There is a general consensus that Africa is the region most endowed with natural resources. Its arable land accounts for almost a quarter of the world’s arable land, giving the continent unrivalled agricultural potential. This abundant land also has the particularity of containing natural resources that are strategic for world industry and for the continent’s economic development: 85% of the world’s platinum, 60% of manganese, 50% of cobalt, etc.
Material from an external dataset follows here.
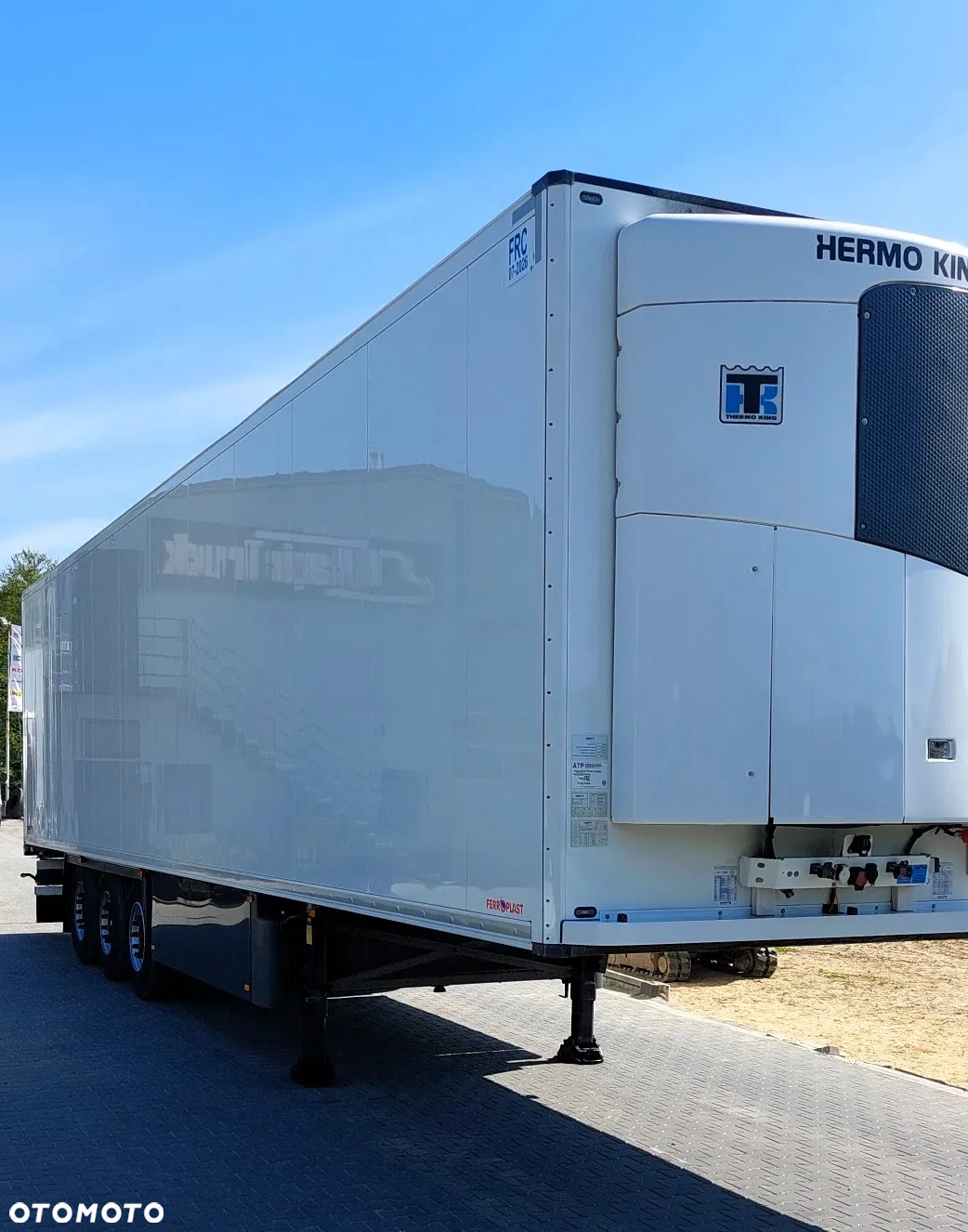 Schmitz Cargobull 2016 - 2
For the past two decades, the region has experienced sustained growth in the exploitation of its natural resources, driven by the increased interest of foreign investors and the willingness of African governments to identify new sources of funding for their development policies. The significant increase in commodity prices, combined with the exponential demand from emerging powers such as China, therefore provide an encouraging context for the emergence of a sustainable African mining industry. New ports infrastructure being built across West Africa, from Gabon to Ghana to Cote d’Ivoire, are accommodating this demand.
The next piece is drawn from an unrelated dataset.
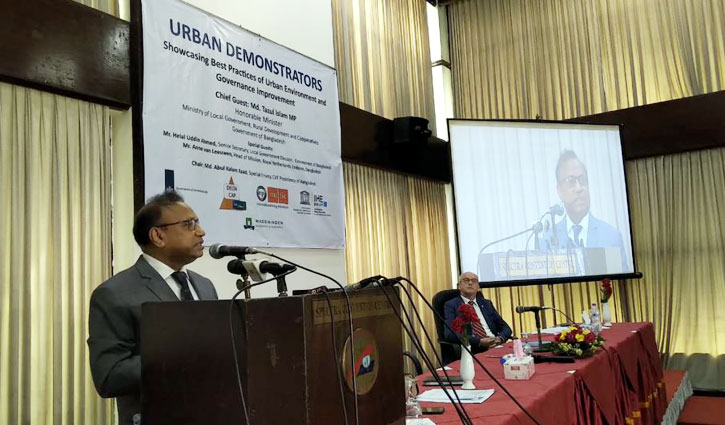 ‘যারা মন্দিরে কোরআন রাখে তারাই মন্দির ভাঙে’ ‘যারা মন্দিরে কোরআন রাখে তারাই মন্দির ভাঙে’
However, the sector is still facing numerous challenges to meet expectations. The intensification of mining has led to a redefinition of geographical spaces on the continent. The mining sector requires both the construction of supporting infrastructure for the extraction of resources and their transport to the areas where they will be processed. In areas that were previously almost exclusively dominated by traditional crop agriculture, the development of mining sites is leading to significant structural changes in the local economy. While mining is a capital-intensive sector, it is the economic activities that develop around the mines that ultimately provide the most employment. However, as the literature on the economic impact of natural resources in developing countries shows, the transformation of natural resources into economic prosperity is not a guarantee (especially in the absence of strong governing institutions).
Indeed, the structure of minerals, metals and hydrocarbons exports has changed significantly over the last two decades, both in absolute terms and in terms of trading partners. For many hydrocarbon poor countries, the growing interest in exploiting their minerals and metals provides a crucial link to global markets and value chains. However, without infrastructure that facilitates the movement of goods and people (land transport, shipping, storage, etc.) that is both well-maintained and technologically equipped, African economies struggle to exploit the potential of their vast resources. Faced with this situation and the huge need for investment and technical expertise that these projects represent, governments are increasingly resorting to public-private partnerships.
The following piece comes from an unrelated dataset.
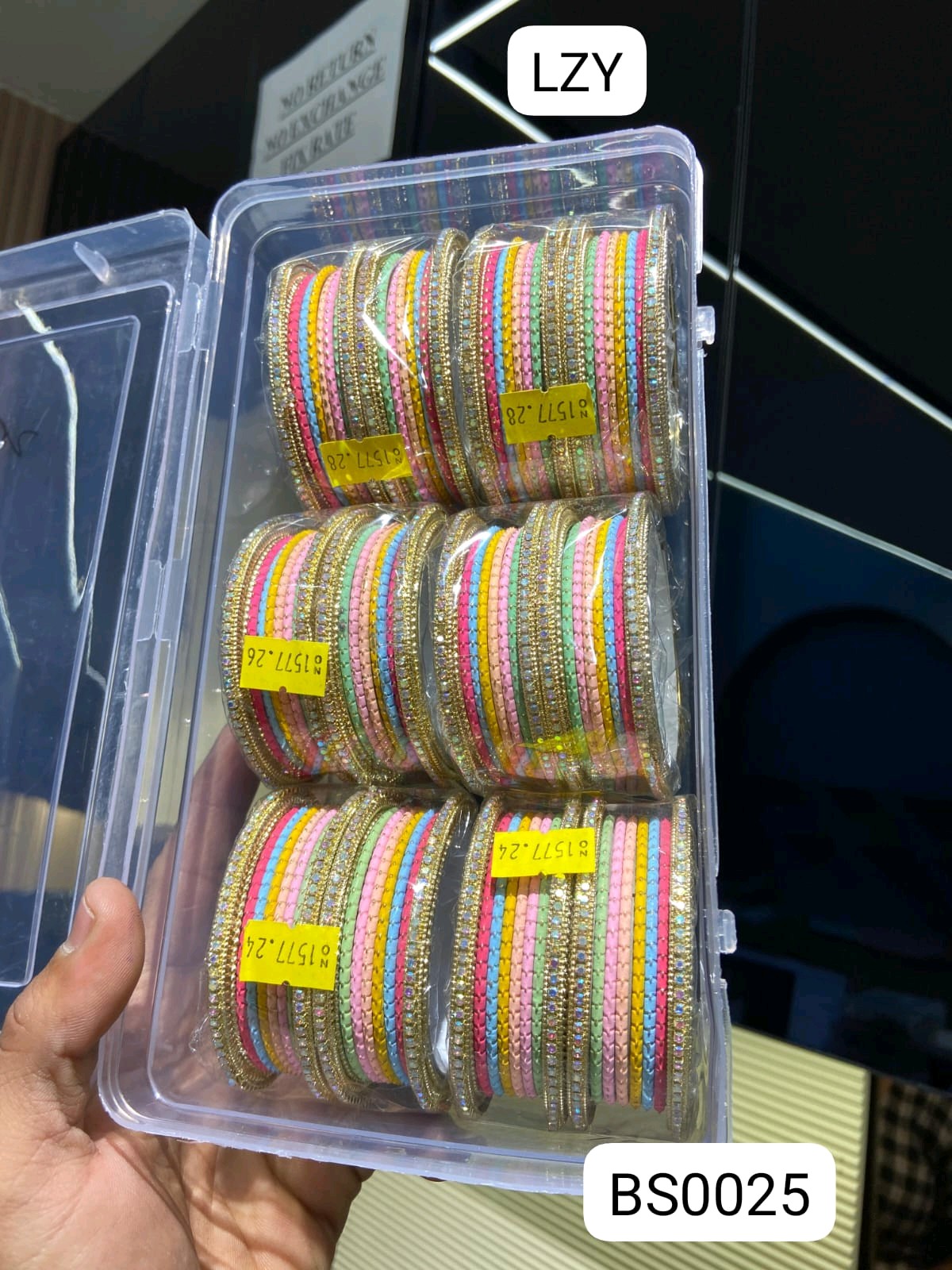 BANGLES SET BNG 03 2*4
In Gabon, for example, the government is clearly demonstrating its desire to finance this new phase of its development by becoming a key player in the mining sector. Indeed, faced with the decline of its oil reserves, which represented an average of 45% of the country over the last five years, the country has endeavored to set up an attractive framework to attract international economic operators in the mining sector. The country has 885 kilometers of coastline, making it one of the largest maritime windows on the African Atlantic coast. As the historical port infrastructure did not have the capacity to support the country’s economic transformation, the Gabonese government turned to foreign partners to establish a link between the country’s mineral trade activity and international demand. The Owendo Mineral Port, born out of a public-private partnership between Arise Ports & Logistics, the French investment fund Meridiem and the Gabonese government in 2017, is a direct result of the transformation of the Gabonese economy.
Similarly, the Ivorian government has been able to take advantage of its maritime assets to attract new economic flows. For example, the Terminal Industriel Polyvalent de San Pedro, the result of a collaboration between Arise Ports & Logistics and the Ivorian authorities, now exports 95% of nickel. This new economic asset, which is part of the overall project for the San Pedro industrial zone, bears witness to the ongoing transformation of African port areas. With two deep-water docks (13 and 15 meters respectively), the terminal is capable of handling up to 160,000 tonnes of ore. These quantities were unimaginable a few years ago.
However, it is clear that the operational success of a port depends on many conditions, and the failures of some new African ports bear witness to this. The operational efficiency of a port depends on its ability to develop efficient logistical tools and to integrate the port system into a much wider multimodal transport network. Finally, it can be said that a port draws its strength from the quality of its partners. By developing tailor-made solutions adapted to the industrial ambitions of the regions in which they are located, and by working together with the public authorities to ensure that the site is properly connected to the country’s (or even the sub-region’s) transport networks, port operators give the industries of African countries a definite comparative advantage.
Ebrima Sawaneh is CFO of Arise Ports & Logistics.